ASSIGNMENT » Locate the line that contains "Incylence-Klassen – Laufsocken" in the data that follows. Copy it and every subsequent line to the end, exactly, excluding pictures.

EXTRACTED MATERIAL »

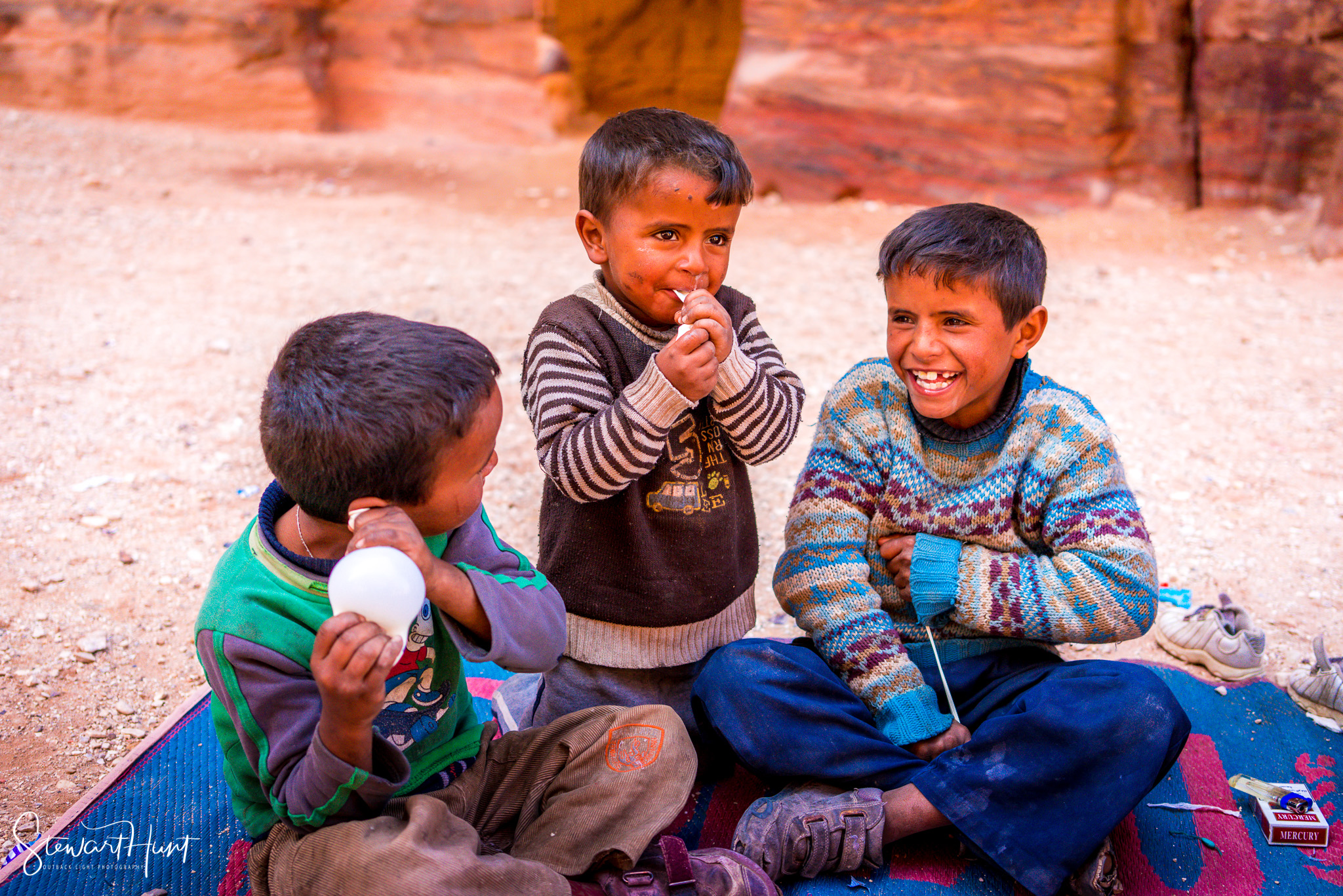 Jordan 2014 01703
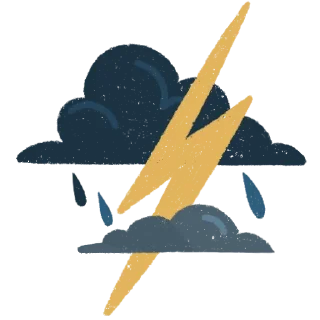 ⚡️
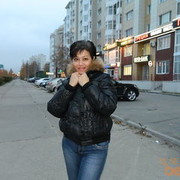  ,   , 58 ,   ,   , c 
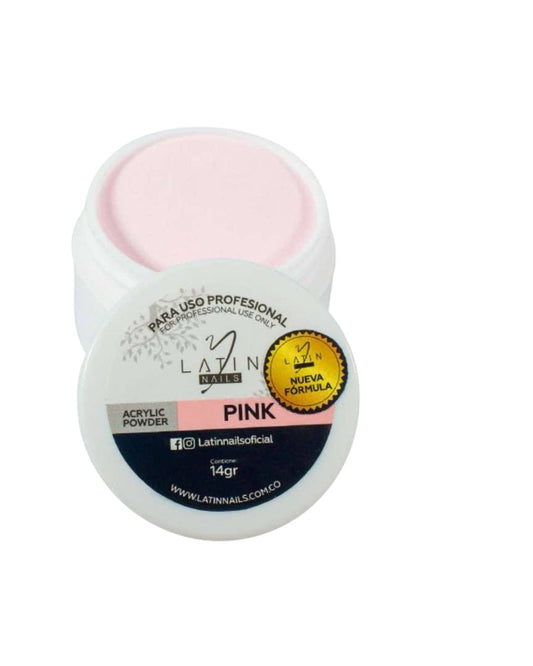 PINK 14GR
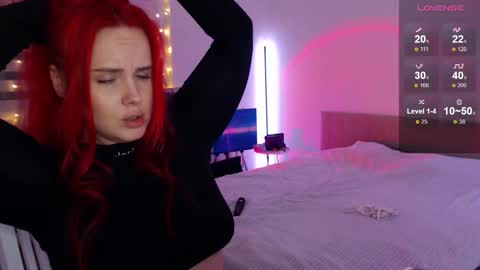 Alice online show from January 2025 07:28:01 PM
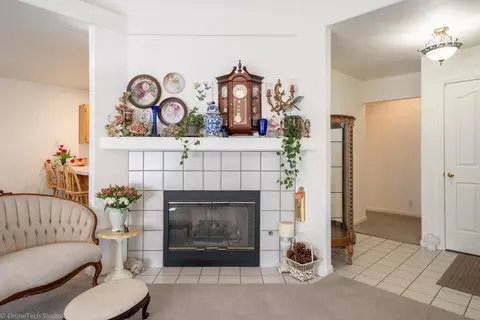 470 Dominica, Redding, CA 96003 photo 10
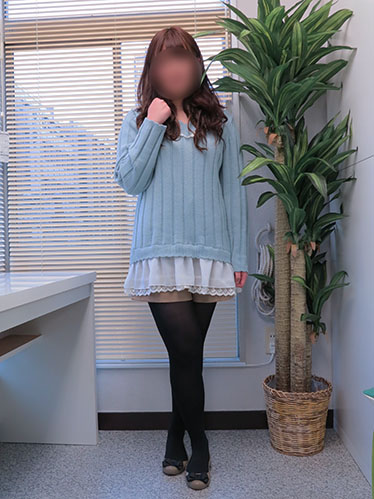 なつめ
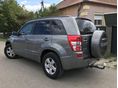 SUZUKI VITARA 2007/7 - 2
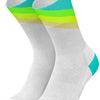 Incylence-Klassen – Laufsocken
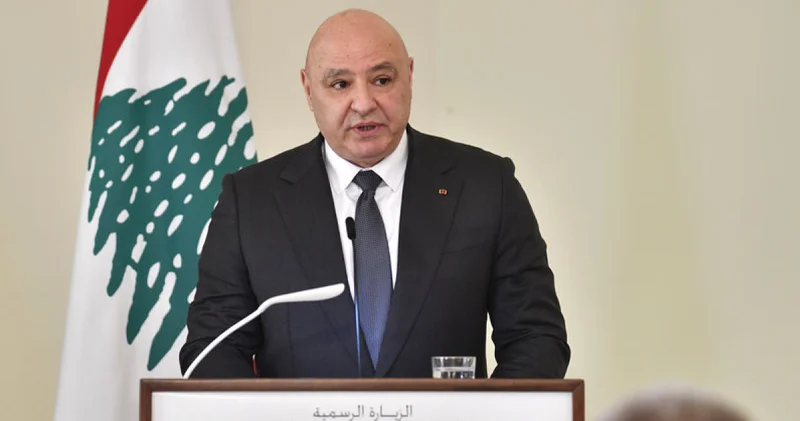 İsrail güvenliğin tek yolunun müzakereden geçtiğini anlamalı Dış Haberler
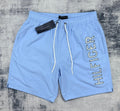 Traje De Bano Tommy Hilfiger
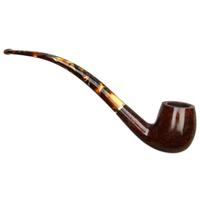 Savinelli Clark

RESULT BELOW »
 Incylence-Klassen – Laufsocken
 İsrail güvenliğin tek yolunun müzakereden geçtiğini anlamalı Dış Haberler
 Traje De Bano Tommy Hilfiger
 Savinelli Clark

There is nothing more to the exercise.